The hill is 24 m high, and stands at a strategic point where the River Tone and the old course of the River Cary join the River Parrett, above the surrounding low-lying land of the Somerset Levels. It is made of Triassic sandstone capped by Keuper marl ascribed to the Mercia Mudstone Group.

==Early use==

Burrow Mump is also known as St Michael's Borough or Tutteyate. Both words 'burrow' and 'mump' mean hill. There is also an alternative translation for the name 'burrows' deriving from 'burh helow' meaning 'the refuge fort' and munp meaning 'a hill' so this becomes 'the refuge fort on the hill', this is very near Lyng which is where one of the Burghal Hideage forts recorded for King Alfred is located.
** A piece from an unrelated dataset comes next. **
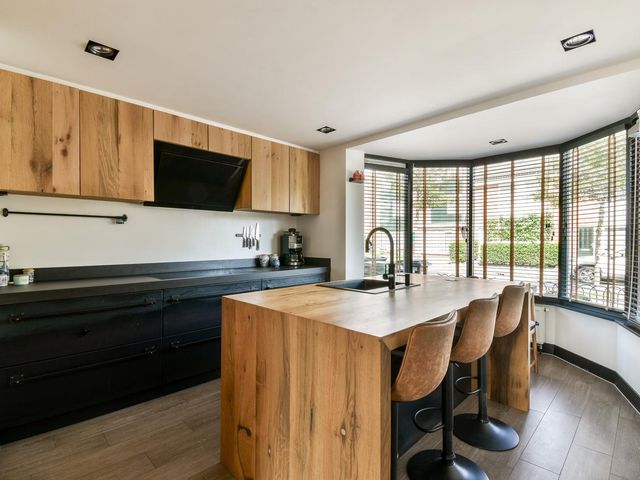 Lindholm 182, Hoofddorp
Archaeological surveys have shown some Roman material including a piece of pottery and coins found nearby which, possibly linked to its situation at a river junction, may indicate its use for trade. Square pits, one of which may have been a well and post holes from the Middle Ages have been identified during excavations, these may have been from an adulterine castle. It is likely that it was a Norman motte with a terraced track that spirals around the hill to reach it. The plateau at the top is 45 m by 25 m and along with the scarped top of the slope formed the motte, which may have been formed during The Anarchy between 1135 and 1153. The site has been called King Alfred's Fort, but there is no evidence of it being a fort or having any link with Alfred the Great, apart from its ownership by the nearby Athelney Abbey which he established and was linked to Burrow Mump by a causeway. It may have served as a natural outwork to the defended royal island of Athelney at the end of the 9th century.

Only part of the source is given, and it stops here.